### About this exercise
Please, without any pictures, set down exactly the part of the listing below that opens with the line containing "Volkswagen Sagitar — миниатюра 19" and closes with the line containing "insider-trading-la-gi".

### Data for processing
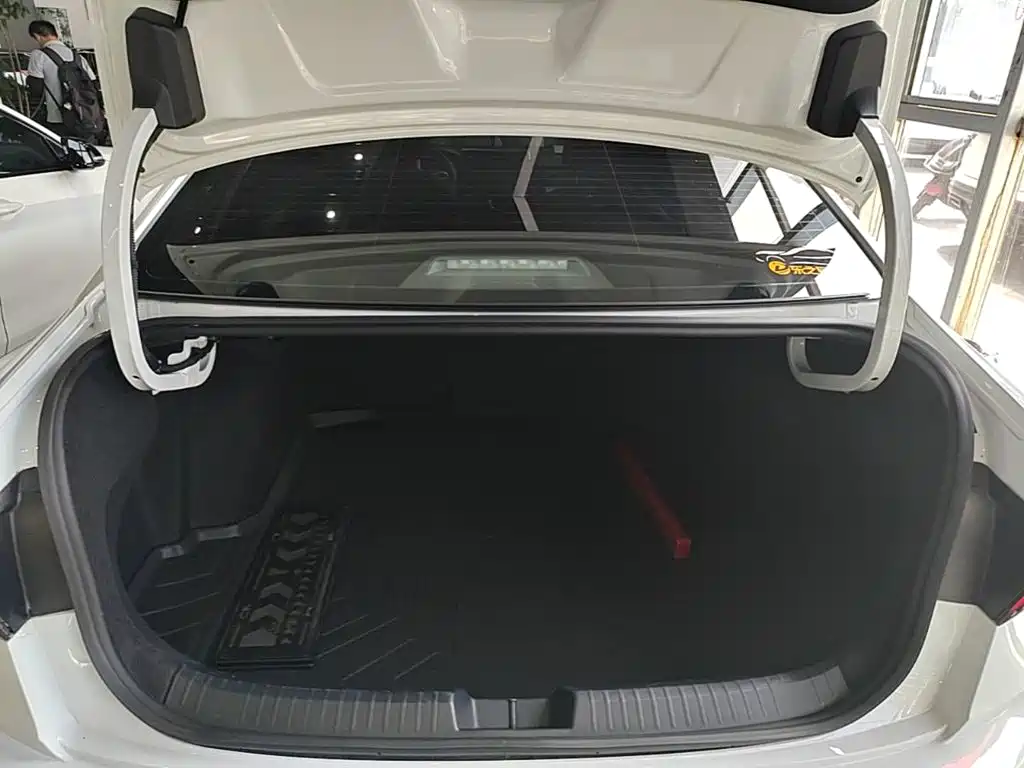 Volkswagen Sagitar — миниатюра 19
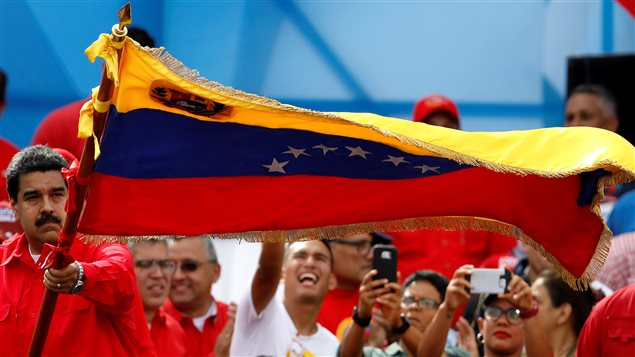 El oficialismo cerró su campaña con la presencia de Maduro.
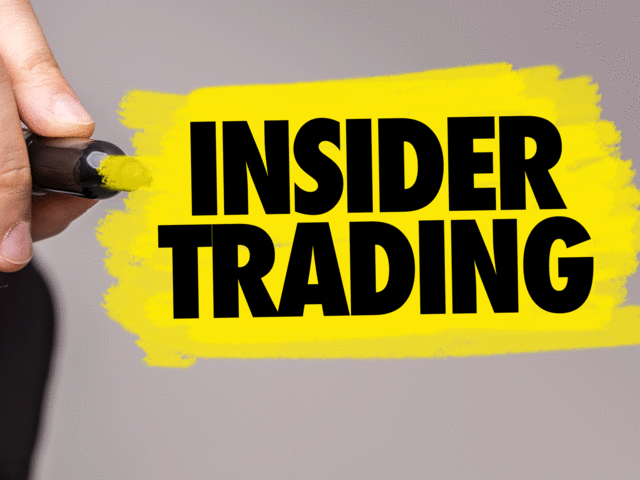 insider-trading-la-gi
* * *
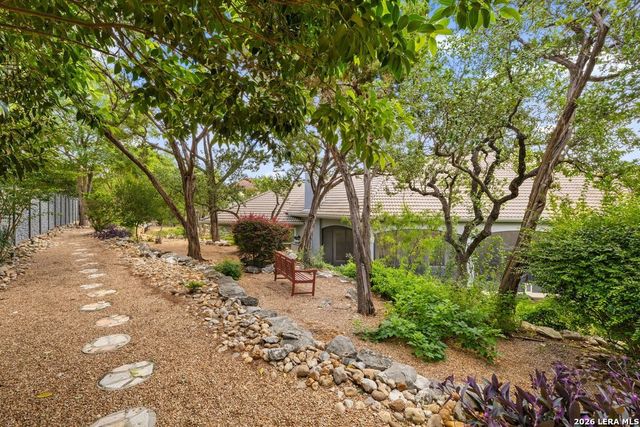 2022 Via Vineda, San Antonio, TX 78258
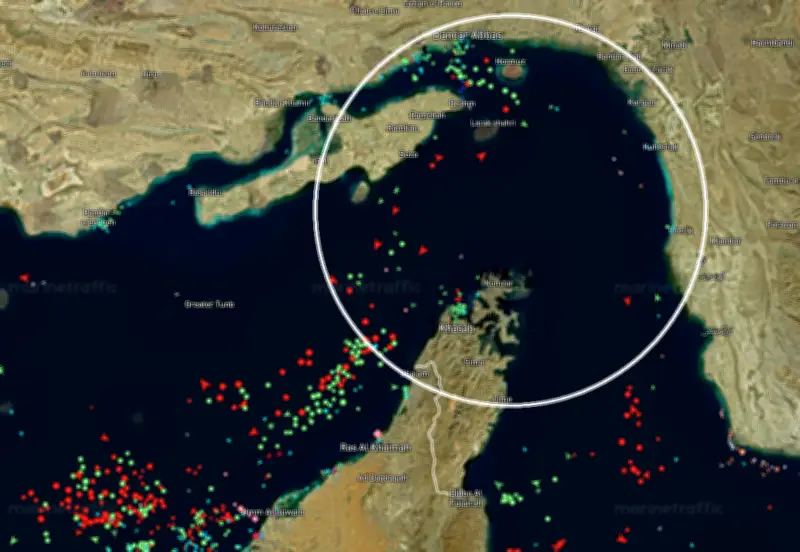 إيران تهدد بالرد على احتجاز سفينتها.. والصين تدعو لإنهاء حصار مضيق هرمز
...
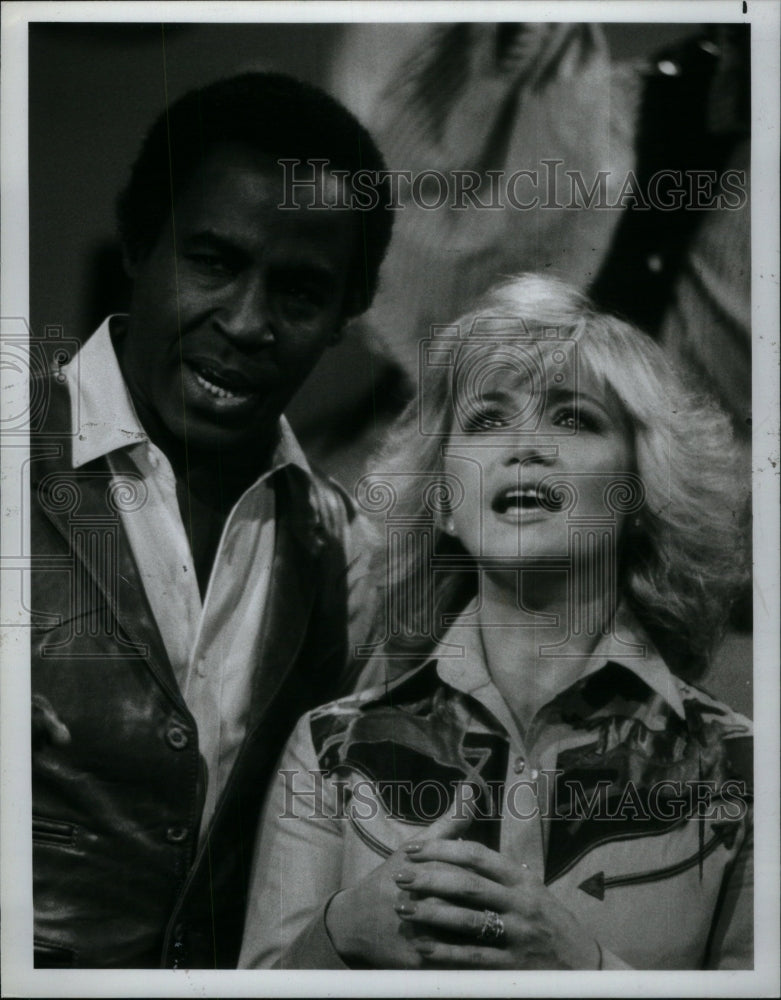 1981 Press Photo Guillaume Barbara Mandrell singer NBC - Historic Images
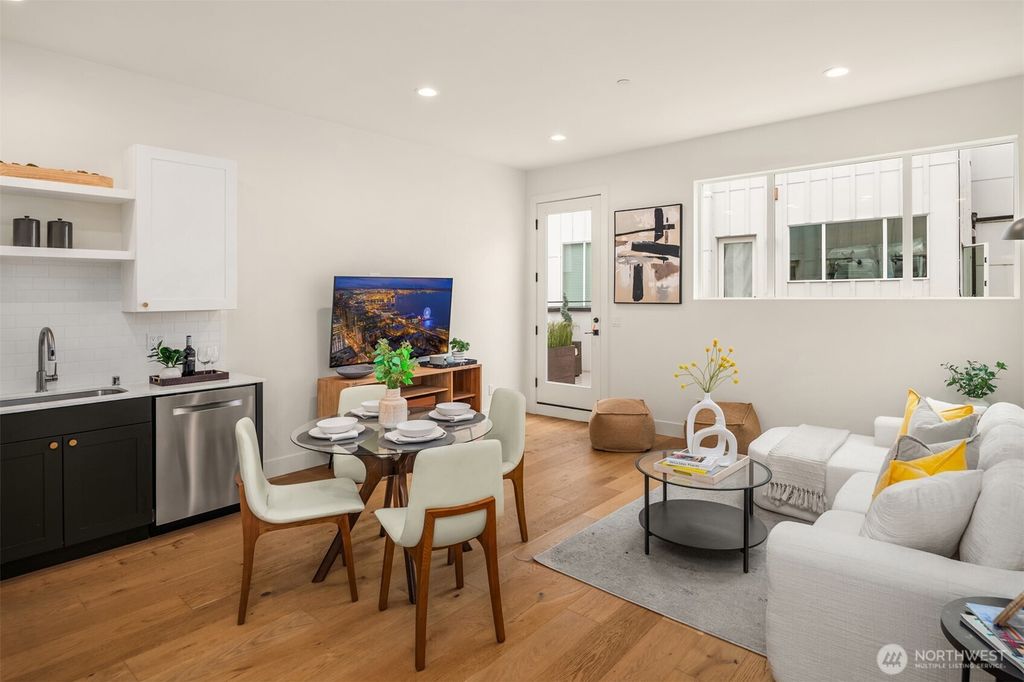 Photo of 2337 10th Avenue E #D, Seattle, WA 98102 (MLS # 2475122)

### Task result
 Volkswagen Sagitar — миниатюра 19
 El oficialismo cerró su campaña con la presencia de Maduro.
 insider-trading-la-gi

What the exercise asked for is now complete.